Lupercus was but a little god, yet he was great among the shepherds in Rome's pastoral beginnings, for he was the driver away of wolves, and on his day the early settlers ran round and round their sheepfold on the Palatine, all dressed in skins of fresh-slain goats, praising the Faun god, and calling upon him to protect their flocks. And in truth, as the winter, when wolves are hungry and daring, was over, his protection was a foregone conclusion till the cold days came again. The grotto dedicated to him was on the northwest slope of the Palatine, nearly opposite the Church of Saint George in Velabro, across the Via di San Teodoro; and all that remains of the great festival in which Mark Antony and the rest ran like wild men through the streets of Rome, smiting men and women with the purifying leathern thong, and offering at last that crown which Cæsar thrice refused, is merged and forgotten, with the Saturnalia, in the ten days' feasting and rioting that change to the ashes and sadness of Lent, as the darkest night follows the brightest day. For the Romans always loved strong contrasts.

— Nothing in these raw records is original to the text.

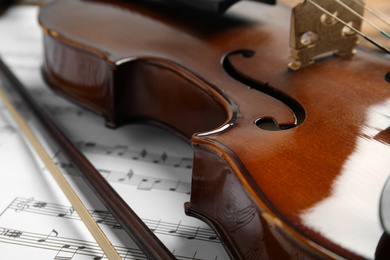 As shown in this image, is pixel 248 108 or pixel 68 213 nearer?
pixel 248 108

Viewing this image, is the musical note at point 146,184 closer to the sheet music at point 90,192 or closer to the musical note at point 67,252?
the sheet music at point 90,192

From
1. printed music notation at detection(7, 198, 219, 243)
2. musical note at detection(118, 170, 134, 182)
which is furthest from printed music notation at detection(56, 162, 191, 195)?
printed music notation at detection(7, 198, 219, 243)

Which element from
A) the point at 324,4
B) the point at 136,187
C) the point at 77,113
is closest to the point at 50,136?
the point at 77,113

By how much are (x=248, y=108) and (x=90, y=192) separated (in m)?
0.43

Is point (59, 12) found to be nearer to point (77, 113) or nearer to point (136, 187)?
point (77, 113)

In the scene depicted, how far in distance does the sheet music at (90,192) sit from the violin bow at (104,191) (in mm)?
49

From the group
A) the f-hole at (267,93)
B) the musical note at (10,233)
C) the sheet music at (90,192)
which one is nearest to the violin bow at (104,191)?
the sheet music at (90,192)

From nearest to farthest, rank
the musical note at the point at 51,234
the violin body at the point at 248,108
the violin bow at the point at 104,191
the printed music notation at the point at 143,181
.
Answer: the violin body at the point at 248,108 < the violin bow at the point at 104,191 < the musical note at the point at 51,234 < the printed music notation at the point at 143,181

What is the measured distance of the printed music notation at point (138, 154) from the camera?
3.81ft

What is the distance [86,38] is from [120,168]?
0.37m

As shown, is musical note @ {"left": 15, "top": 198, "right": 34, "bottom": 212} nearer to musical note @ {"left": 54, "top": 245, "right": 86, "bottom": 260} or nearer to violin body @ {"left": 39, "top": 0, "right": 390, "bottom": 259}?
musical note @ {"left": 54, "top": 245, "right": 86, "bottom": 260}

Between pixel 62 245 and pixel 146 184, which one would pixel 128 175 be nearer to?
pixel 146 184

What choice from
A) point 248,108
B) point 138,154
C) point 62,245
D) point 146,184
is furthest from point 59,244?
point 248,108

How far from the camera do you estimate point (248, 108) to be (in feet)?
2.88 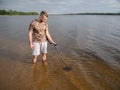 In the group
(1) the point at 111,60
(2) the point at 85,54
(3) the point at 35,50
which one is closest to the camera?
(3) the point at 35,50

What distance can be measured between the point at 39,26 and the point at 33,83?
92.4 inches

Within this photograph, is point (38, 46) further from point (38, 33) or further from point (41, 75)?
point (41, 75)

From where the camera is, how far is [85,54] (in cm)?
1149

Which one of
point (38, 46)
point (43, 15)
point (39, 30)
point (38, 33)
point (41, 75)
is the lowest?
point (41, 75)

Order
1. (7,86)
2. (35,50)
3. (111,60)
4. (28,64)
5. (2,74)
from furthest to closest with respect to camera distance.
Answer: (111,60)
(28,64)
(35,50)
(2,74)
(7,86)

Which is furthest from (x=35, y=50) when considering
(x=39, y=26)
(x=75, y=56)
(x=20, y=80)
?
(x=75, y=56)

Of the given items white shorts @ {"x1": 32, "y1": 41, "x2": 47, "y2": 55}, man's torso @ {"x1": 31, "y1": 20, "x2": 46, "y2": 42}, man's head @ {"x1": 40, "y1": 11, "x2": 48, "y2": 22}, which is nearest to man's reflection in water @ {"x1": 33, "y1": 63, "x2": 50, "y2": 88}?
white shorts @ {"x1": 32, "y1": 41, "x2": 47, "y2": 55}

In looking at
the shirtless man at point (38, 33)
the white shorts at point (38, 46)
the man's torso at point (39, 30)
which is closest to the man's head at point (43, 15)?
the shirtless man at point (38, 33)

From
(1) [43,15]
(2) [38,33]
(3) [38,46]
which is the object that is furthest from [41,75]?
(1) [43,15]

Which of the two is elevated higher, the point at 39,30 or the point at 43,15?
the point at 43,15

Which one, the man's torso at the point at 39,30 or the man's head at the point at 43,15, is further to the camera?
the man's torso at the point at 39,30

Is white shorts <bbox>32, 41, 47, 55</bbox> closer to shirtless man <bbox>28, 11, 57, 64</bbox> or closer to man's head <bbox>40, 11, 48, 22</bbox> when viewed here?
shirtless man <bbox>28, 11, 57, 64</bbox>

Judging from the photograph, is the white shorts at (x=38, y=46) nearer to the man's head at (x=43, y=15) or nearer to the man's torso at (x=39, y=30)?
the man's torso at (x=39, y=30)

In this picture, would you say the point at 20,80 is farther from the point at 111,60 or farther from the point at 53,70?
the point at 111,60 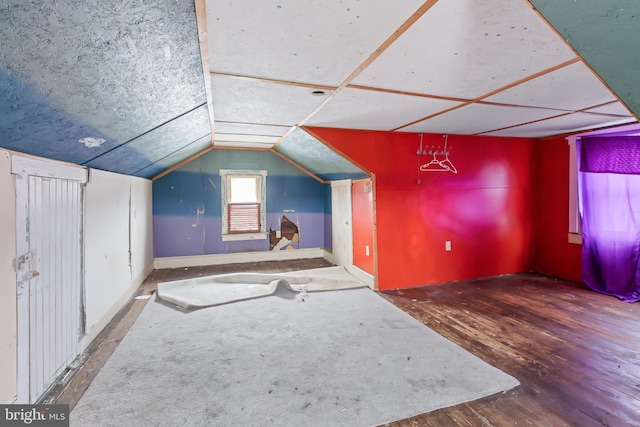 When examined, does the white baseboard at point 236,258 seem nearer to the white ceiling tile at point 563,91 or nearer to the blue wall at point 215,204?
the blue wall at point 215,204

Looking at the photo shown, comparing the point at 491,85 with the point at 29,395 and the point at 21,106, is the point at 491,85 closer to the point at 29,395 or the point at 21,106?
the point at 21,106

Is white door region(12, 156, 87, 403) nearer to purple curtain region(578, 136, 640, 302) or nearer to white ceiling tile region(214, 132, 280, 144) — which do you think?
white ceiling tile region(214, 132, 280, 144)

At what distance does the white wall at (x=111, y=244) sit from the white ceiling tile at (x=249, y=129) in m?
Result: 1.29

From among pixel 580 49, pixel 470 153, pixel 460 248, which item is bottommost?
pixel 460 248

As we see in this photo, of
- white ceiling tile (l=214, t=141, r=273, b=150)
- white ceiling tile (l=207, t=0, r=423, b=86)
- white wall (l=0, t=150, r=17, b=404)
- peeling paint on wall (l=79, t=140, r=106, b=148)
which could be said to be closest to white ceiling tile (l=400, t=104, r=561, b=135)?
white ceiling tile (l=207, t=0, r=423, b=86)

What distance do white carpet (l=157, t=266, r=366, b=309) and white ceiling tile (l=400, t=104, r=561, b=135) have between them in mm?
2266

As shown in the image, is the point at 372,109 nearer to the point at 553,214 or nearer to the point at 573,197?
the point at 573,197

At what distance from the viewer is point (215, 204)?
18.0ft

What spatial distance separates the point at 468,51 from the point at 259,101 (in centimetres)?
163

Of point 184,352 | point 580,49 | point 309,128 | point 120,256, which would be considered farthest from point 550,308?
point 120,256

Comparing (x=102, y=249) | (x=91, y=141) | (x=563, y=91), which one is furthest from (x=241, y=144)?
(x=563, y=91)

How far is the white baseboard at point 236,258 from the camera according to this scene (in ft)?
17.2

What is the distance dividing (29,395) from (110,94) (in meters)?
1.85

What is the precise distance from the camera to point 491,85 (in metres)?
2.21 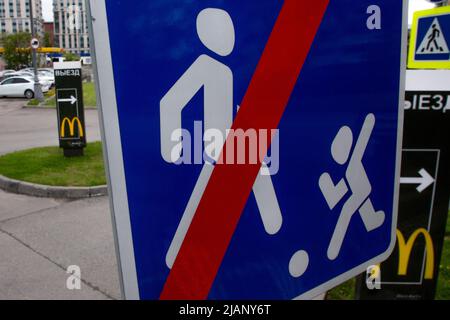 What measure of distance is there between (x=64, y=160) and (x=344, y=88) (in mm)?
7656

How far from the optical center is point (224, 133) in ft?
2.50

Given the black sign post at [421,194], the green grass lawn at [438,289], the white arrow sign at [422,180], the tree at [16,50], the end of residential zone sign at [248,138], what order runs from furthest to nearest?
the tree at [16,50], the green grass lawn at [438,289], the white arrow sign at [422,180], the black sign post at [421,194], the end of residential zone sign at [248,138]

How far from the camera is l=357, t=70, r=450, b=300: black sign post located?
2.01 m

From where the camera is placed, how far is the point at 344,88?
851 millimetres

Carnival, in the wider sense, begins at Christmas and ends when Lent begins; but to most people it means but the last ten days of the season, when festivities crowd upon each other till pleasure fights for minutes as for jewels; when tables are spread all night and lights are put out at dawn; when society dances itself into distraction and poor men make such feasting as they can; when no one works who can help it, and no work done is worth having, because it is done for double price and half its value; when affairs of love are hastened to solution or catastrophe, and affairs of state are treated with the scorn they merit in the eyes of youth, because the only sense is laughter, and the only wisdom, folly. That is Carnival, personified by the people as a riotous old red-cheeked, bottle-nosed hunchback, animated by the spirit of fun.
In a still closer sense, Carnival is the Carnival in the Corso, or was; for it is dead beyond resuscitation, and such efforts as are made to give it life again are but foolish incantations that call up sad ghosts of joy, spiritless and witless. But within living memory, it was very different. In those days which can never come back, the Corso was a sight to see and not to be forgotten. The small citizens who had small houses in the street let every window to the topmost story for the whole ten days; the rich whose palaces faced the favoured line threw open their doors to their friends; every window was decorated, from every balcony gorgeous hangings, or rich carpets, or even richer tapestries hung down; the street was strewn thick with yellow sand, and wheresoever there was an open space wooden seats were built up, row above row, where one might hire a place to see the show and join in throwing flowers, and the lime-covered 'confetti' that stung like small shot and whitened everything like meal, and forced everyone in the street or within reach of it to wear a shield of thin wire netting to guard the face, and thick gloves to shield the hands; or, in older times, a mask, black, white, or red, or modelled and painted with extravagant features, like evil beings in a dream.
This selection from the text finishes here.